Die Idee war gut: Um das Dickicht der Behördeninformatik etwas zu lichten, beschlossen die Städte Bern und Zürich sowie der Kanton Basel-Stadt ihre veralteten Sozialversicherungs-Systeme gemeinsam abzulösen. Die drei grössten Deutschschweizer Städte gründeten dazu 2014 den Verein Citysoftnet, der das Projekt koordiniert und leitet. Für 36,5 Millionen Franken sollen sie eine gemeinsame Kernapplikation erhalten. Hinzu sollen jeweils eigene Module und Integrationen in die bestehenden Systemlandschaften kommen – ein hochkomplexes Unterfangen.
Bereits 2022 hätte das System in der dritten und letzten Stadt – Basel – eingeführt sein sollen. Dies geht aus den Ausschreibungsunterlagen hervor, die inside-it.ch vorliegen. Doch bis heute läuft in keiner der Städte eine Applikation, die im Rahmen des Projekts entwickelt wurde.

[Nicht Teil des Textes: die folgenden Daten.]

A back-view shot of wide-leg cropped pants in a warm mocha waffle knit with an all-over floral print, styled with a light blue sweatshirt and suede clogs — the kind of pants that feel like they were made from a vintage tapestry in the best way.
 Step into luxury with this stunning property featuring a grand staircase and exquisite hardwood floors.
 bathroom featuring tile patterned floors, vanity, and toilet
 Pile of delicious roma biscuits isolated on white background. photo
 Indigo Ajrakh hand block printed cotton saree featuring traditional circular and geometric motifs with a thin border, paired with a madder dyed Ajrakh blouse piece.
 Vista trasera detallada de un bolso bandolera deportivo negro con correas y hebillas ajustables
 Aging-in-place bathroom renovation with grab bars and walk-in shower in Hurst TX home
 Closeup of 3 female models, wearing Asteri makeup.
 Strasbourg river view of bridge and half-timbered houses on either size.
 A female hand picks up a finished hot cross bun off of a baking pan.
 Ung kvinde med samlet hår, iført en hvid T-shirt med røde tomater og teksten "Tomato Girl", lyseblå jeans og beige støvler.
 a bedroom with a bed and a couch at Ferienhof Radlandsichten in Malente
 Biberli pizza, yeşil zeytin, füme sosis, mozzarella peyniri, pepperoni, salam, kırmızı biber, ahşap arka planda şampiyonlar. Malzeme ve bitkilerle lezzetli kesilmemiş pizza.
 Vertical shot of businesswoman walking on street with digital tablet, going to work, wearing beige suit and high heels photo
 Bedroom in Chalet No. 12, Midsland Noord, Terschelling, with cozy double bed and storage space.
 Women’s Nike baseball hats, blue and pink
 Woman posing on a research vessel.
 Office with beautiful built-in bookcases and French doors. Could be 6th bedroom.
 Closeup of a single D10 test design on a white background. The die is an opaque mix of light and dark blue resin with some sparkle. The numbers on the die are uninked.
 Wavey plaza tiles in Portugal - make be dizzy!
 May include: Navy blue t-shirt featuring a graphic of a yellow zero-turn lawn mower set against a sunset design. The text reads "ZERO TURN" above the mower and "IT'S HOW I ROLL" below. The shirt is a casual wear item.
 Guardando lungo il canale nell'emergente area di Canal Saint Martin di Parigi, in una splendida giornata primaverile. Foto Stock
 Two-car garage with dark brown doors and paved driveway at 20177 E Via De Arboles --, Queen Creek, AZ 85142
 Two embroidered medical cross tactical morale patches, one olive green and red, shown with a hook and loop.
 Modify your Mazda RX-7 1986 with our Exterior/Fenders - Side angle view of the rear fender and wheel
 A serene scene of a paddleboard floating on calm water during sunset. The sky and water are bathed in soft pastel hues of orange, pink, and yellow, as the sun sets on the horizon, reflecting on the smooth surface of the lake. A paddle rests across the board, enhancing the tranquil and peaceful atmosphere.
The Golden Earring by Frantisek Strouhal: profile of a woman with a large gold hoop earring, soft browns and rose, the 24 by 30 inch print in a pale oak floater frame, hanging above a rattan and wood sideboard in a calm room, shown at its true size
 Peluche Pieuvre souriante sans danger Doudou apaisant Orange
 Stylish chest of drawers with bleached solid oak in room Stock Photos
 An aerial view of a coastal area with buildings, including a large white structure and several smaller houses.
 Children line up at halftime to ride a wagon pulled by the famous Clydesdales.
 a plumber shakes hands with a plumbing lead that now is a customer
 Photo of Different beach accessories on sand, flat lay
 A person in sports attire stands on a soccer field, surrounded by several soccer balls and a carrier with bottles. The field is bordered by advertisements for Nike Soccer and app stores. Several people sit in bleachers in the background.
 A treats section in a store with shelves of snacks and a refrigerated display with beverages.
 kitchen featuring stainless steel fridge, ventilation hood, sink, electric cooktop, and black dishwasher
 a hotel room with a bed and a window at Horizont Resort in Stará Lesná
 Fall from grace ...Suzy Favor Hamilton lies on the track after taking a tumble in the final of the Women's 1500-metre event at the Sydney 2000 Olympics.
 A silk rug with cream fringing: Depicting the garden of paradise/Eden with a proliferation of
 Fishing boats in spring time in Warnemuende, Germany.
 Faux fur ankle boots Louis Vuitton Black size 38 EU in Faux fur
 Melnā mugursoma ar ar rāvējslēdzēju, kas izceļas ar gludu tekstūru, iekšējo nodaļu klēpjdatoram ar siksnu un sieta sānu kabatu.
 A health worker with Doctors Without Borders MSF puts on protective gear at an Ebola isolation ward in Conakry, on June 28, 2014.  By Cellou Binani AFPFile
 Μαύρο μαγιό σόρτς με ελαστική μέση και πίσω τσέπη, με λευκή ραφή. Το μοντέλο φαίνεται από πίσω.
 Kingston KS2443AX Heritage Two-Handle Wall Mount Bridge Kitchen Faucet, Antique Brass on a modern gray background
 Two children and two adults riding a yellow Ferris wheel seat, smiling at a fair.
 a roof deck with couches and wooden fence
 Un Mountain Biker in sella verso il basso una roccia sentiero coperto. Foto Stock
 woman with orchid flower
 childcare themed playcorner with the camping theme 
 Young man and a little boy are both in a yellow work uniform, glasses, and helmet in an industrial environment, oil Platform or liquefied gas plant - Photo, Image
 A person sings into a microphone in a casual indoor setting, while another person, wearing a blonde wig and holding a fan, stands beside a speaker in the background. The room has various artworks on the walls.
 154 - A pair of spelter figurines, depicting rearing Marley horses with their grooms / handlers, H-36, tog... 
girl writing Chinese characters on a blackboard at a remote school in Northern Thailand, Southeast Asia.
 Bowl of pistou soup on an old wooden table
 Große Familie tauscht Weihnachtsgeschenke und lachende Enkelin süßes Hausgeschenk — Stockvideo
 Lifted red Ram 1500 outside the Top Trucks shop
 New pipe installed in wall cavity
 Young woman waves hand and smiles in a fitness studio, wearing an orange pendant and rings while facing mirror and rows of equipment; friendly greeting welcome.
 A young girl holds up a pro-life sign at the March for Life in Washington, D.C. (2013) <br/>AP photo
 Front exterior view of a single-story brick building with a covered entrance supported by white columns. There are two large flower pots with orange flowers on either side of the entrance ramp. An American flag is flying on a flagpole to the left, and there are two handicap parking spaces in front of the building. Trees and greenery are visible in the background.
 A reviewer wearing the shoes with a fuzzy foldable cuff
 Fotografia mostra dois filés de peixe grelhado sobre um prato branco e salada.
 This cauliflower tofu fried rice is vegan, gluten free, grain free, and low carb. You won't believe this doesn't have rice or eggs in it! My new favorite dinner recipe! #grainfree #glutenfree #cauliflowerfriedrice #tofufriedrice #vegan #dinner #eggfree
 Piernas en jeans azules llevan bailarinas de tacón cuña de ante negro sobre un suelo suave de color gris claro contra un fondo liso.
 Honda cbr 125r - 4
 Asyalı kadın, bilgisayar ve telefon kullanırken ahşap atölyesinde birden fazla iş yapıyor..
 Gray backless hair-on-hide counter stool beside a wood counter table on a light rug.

In der ursprünglichen Roadmap war Abschluss der Integration und Einführung in Basel-Stadt Anfang 2022 vorgesehen. Screenshot aus den Ausschreibungsunterlagen.
Den Auftrag für die Umsetzung erhielt 2018 die Firma Emineo aus Zürich, die damals gerade mal 80 Mitarbeitende zählte. Der Zuschlag wurde früh kritisiert: Das IT-Unternehmen sei klein und habe teuer offeriert. Emineo hatte aber als einziger Anbieter eine Offerte eingereicht – mit Ausnahme der Konkurrentin Diartis, die in Bern das alte System gestellt hatte und offenbar ein dreifach günstigeres Angebot eingereicht hatte. Für die Schweizer Hauptstadt hätte dies Kosten in Höhe von rund 6 Millionen Franken bedeutet – statt rund 19 Millionen. Diartis habe aber bloss eine Weiterentwicklung der hauseigenen Lösung inklusive Migration offeriert, wehrten sich die Verantwortlichen nach dem Zuschlag, wohingegen Emineo eine Neuentwicklung angeboten habe.
"Der Verein Citysoftnet hat sich bewusst für das Eigentumsmodell mit höherer Erstinvestition entschieden, bei welchem die Rechte an der substanziellen Individualentwicklung des Kerns und der städtespezifischen Teile bei den Städten bleiben", hiess es im Kreditantrag der Stadtberner Regierung an das Parlament. Zudem seien Systemmängel und funktionale Lücken der seit den 1990ern betriebenen Lösung von Diartis durch Optimierungen kaum mehr zu beheben. Davon liess sich die Stimmbevölkerung der Stadt überzeugen. Sie stimmte im Herbst 2018 deutlicher als das Parlament für den Kredit, der knapp 19 Millionen Franken schweren IT-Beschaffung für die Stadt.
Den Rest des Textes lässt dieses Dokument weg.